Too much rain, allied with extensive riverine flooding in some regions, can turn fields into quagmires – or even leave them underwater entirely for extended periods. And that throws a curveball to fertiliser spreaders and storage depot owners, who are either unable to access fields for spreading, or may stockpile reserves of fertilisers far beyond normal levels.
Instances like these can play havoc with normal fertiliser business operations and also highlight the importance of having the right insurance program in place, according to Chris Russell from Gallagher Insurance Brokers’ Mulgrave Branch.
“I’ve spoken to a number of clients who have been adversely affected by wet weather conditions,” explains Chris. “This year seems to have been particularly problematic in many areas, but with extreme weather events in Australia set to become increasingly common in future years, it’s something every fertiliser business owner should be thinking about.”
Many AFSA members obtain their insurance through Gallagher, with the majority of policies taken out providing motor and motor liability cover through the Truckpac insurance solution.
Chris Russell points out that there are a whole range of other insurance covers available that can provide extra security and peace of mind for fertiliser business owners in uncertain times.
“An increasingly important cover is business interruption insurance – sometimes referred to as ‘Down Time Protection’,” said Chris. “If your business is unable to operate due to unforeseen circumstances – including extreme weather – this type of insurance can off-set your loss of income.”
Chris also warned against the danger of being underinsured.

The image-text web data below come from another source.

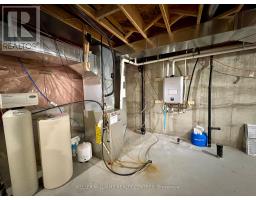 125 Huronia Road, Barrie, ON L4N4G1 Photo 31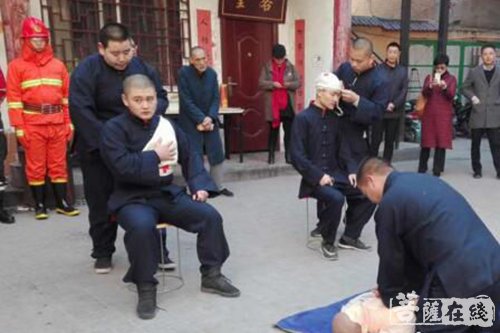 公共场所-郑州市金水区举行寺庙公共场所火灾逃生演练活动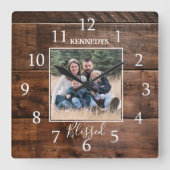 Familienaam Foto Rustic Wood Vierkante Klok (Voorkant)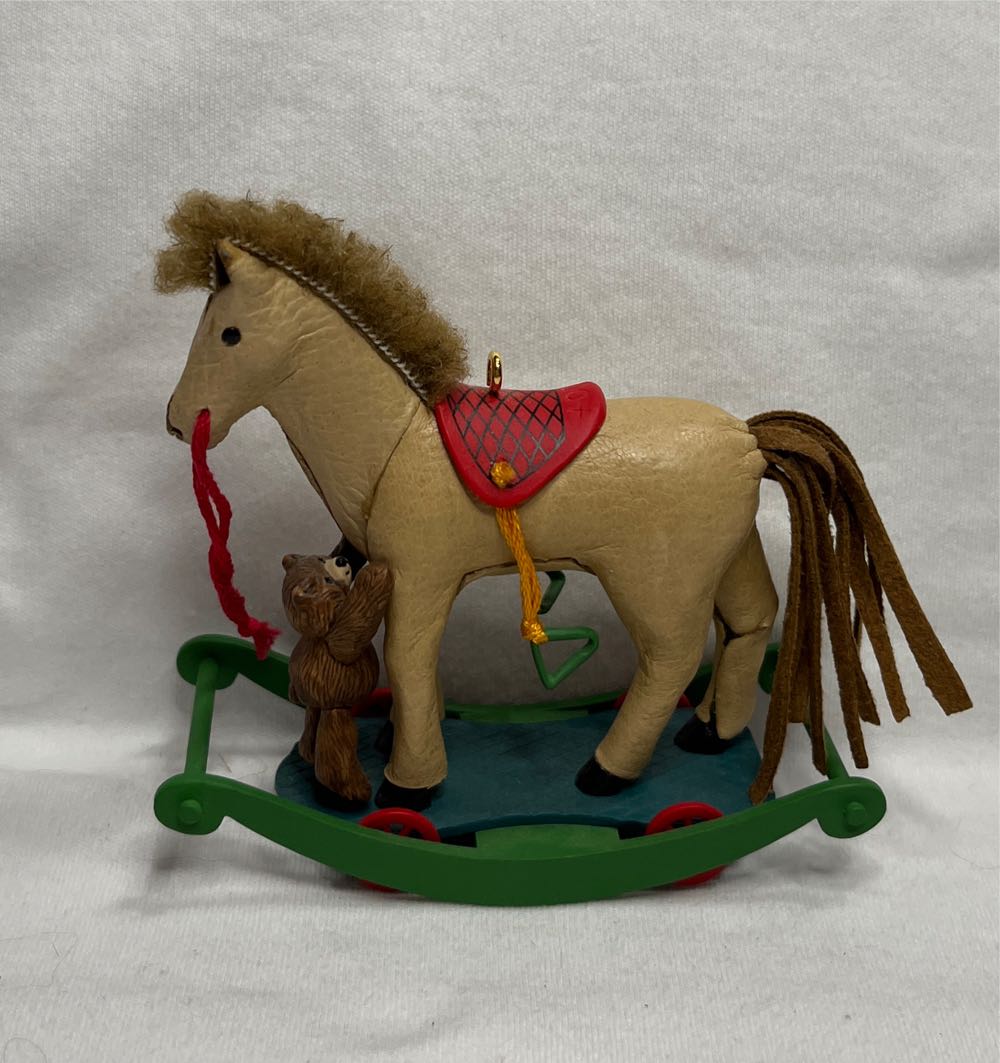 A Pony For Christmas #7 (2004) - A Pony For Christmas (Ponies) ornament collectible [Barcode 015012812626] - Main Image 3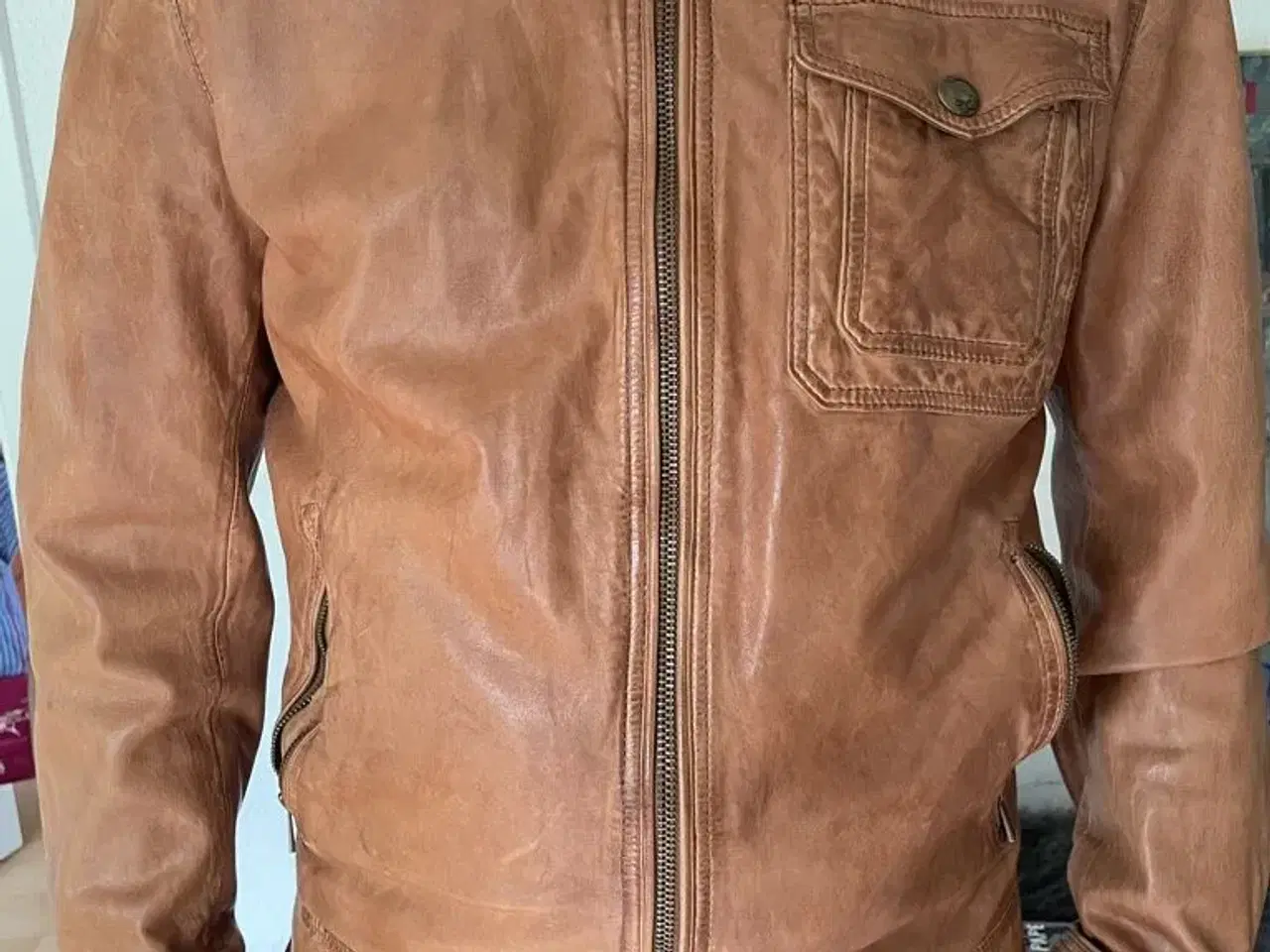 Billede 3 - Læder jakke af mærket; Massimo dutti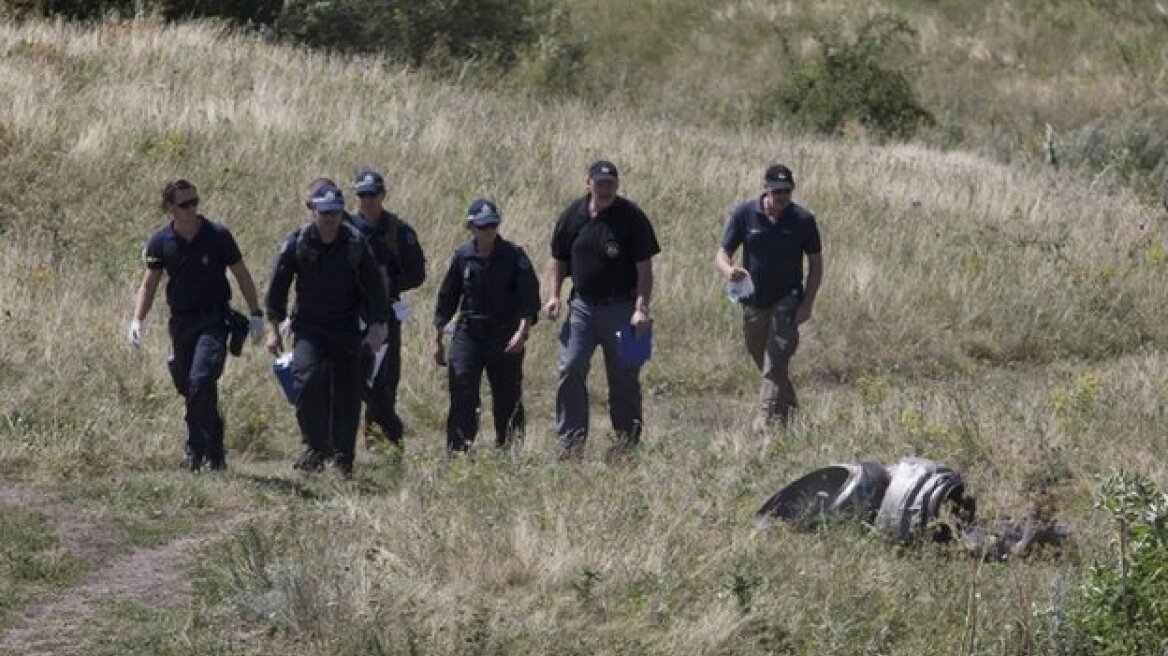 Ουκρανία: Βρέθηκαν ανθρώπινα μέλη στο σημείο της πτώσης της πτήσης MH17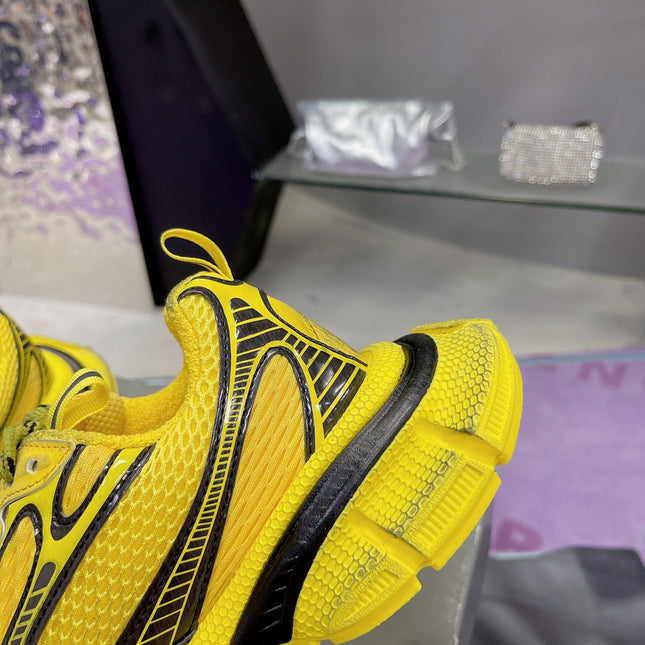 3XL SNEAKER IN YELLOW MIX BLACK MESH AND POLYURETHANE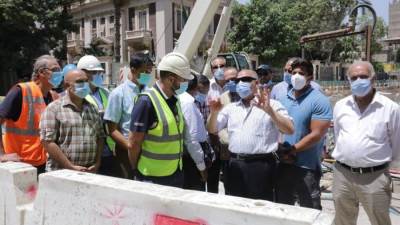 وزير النقل يتابع أعمال التدعيم الإنشائي للركن المتضرر بعمارة الشربتلي بالزمالك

This is rife across all areas of Australian business, but the wet weather conditions in winter and spring have exacerbated the risk of underinsurance in the fertiliser sector.
“I came across an example where a fertiliser business, which would normally have about $10,000 worth of product in reserve, found itself hugely overstocked with $500,000 worth.
“Fluctuating stock levels like this create a major risk exposure for a business, so it’s important to make sure your insurance cover can accommodate them. If you’ve got a high level of stock which isn’t properly insured, in a worst-case scenario – such as total loss of stock in a fire – the insurance payout might only be a fraction of what the product is worth.”
The easiest solution, says Chris, is for overstocked businesses to alert their broker straight away so their sums insured can be adjusted – or just to make sure that their existing cover is adequate.
“There are some excellent insurance policies on the market that have generous sub-limits to cover losses,” Chris explained. “The problem is that many business owners don’t know whether their level of cover is right, and what is really covered in their policy.
"That’s where a broker can be so useful in providing advice, finding the right insurance cover, and making sure your business and livelihood are protected.”